Brain-inspired sparse training enables Transformers and LLMs to perform as fully connected

Published: 05 Mar 2025, Last Modified: 10 Apr 2025SLLMEveryoneRevisionsBibTeXCC BY 4.0
Track: long paper (up to 4 pages)
Keywords: dynamic sparse training, network science, epitopological Learning, efficient training
Abstract: This study aims to enlarge our current knowledge of the application of brain-inspired network science principles for training artificial neural networks (ANNs) with sparse connectivity. The Cannistraci-Hebb training (CHT) is a brain-inspired method for growing connectivity in dynamic sparse training (DST). CHT leverages a gradient-free, topology-driven link regrowth mechanism, which has been shown to achieve ultra-sparse (1\% connectivity or lower) advantage across various tasks compared to fully connected networks. Yet, CHT suffers two main drawbacks: high time complexity of the link predictor and easy stack into the epitopological local minima.
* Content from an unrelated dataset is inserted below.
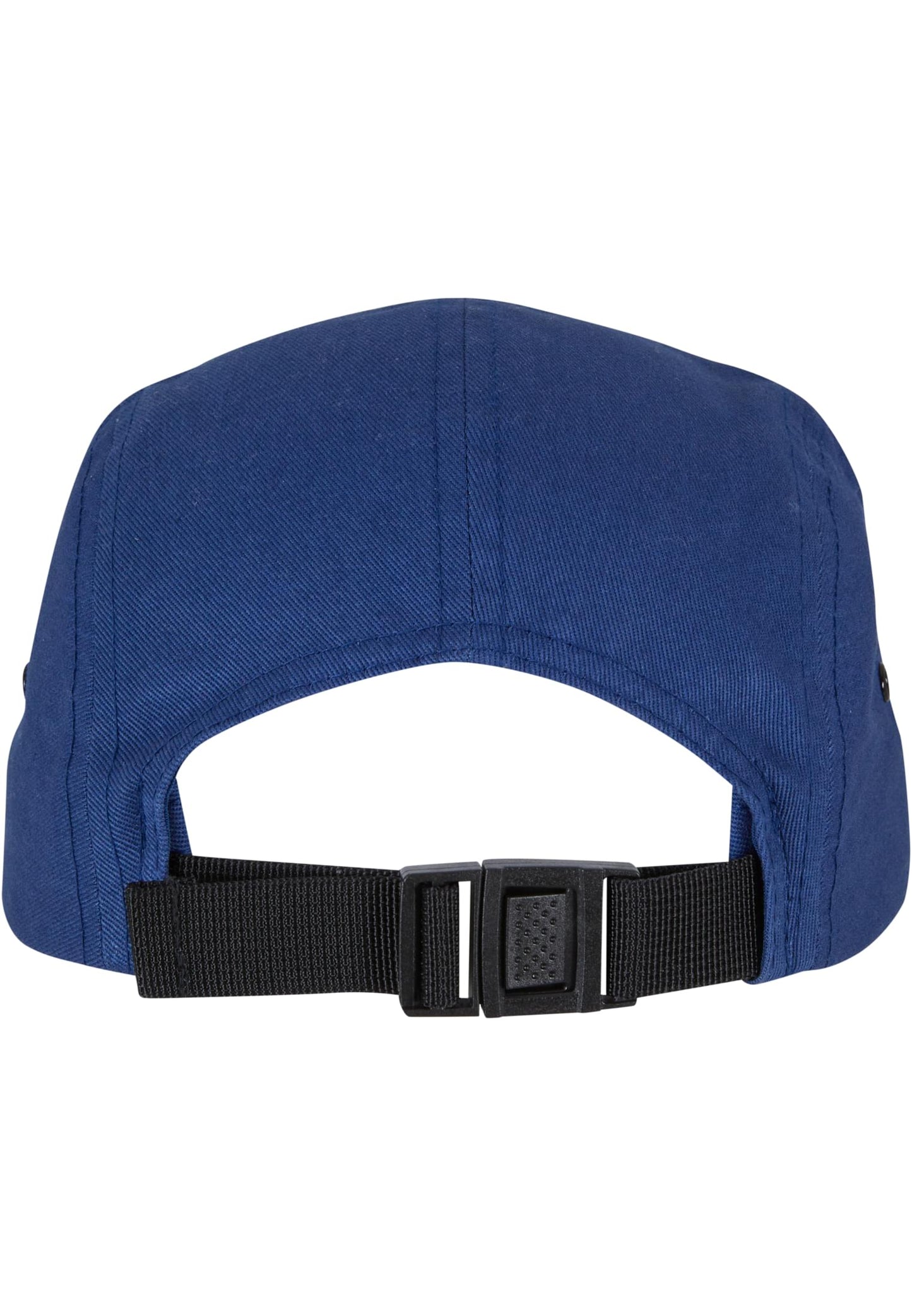 Rückansicht der blauen Flexfit 5-Panel Cap mit verstellbarem schwarzen Clip-Verschluss aus Kunststoff.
Here, we propose a matrix multiplication GPU-friendly approximation of the CH link predictor, which reduces the computational complexity to $\mathcal{O}(N^3)$, enabling a fast implementation of CHT in large-scale models. Moreover, we introduce the **C**annistraci-**H**ebb **T**raining **s**oft rule (CHTs), which adopts a flexible strategy for sampling connections in both link removal and regrowth, balancing the exploration and exploitation of network topology. To further improve performance, we integrate CHTs with a **s**igmoid gradual density decay strategy, referred to as CHTss. Empirical results show that 1) using 5\% of the connections, CHTss outperforms fully connected networks in two Transformer-based machine translation tasks; 2) using 30\% of the connections, CHTss achieves superior performance compared to other dynamic sparse training methods in language modeling (LLaMA-130M) across different sparsity levels, and it surpasses the fully connected counterpart in zero-shot evaluations.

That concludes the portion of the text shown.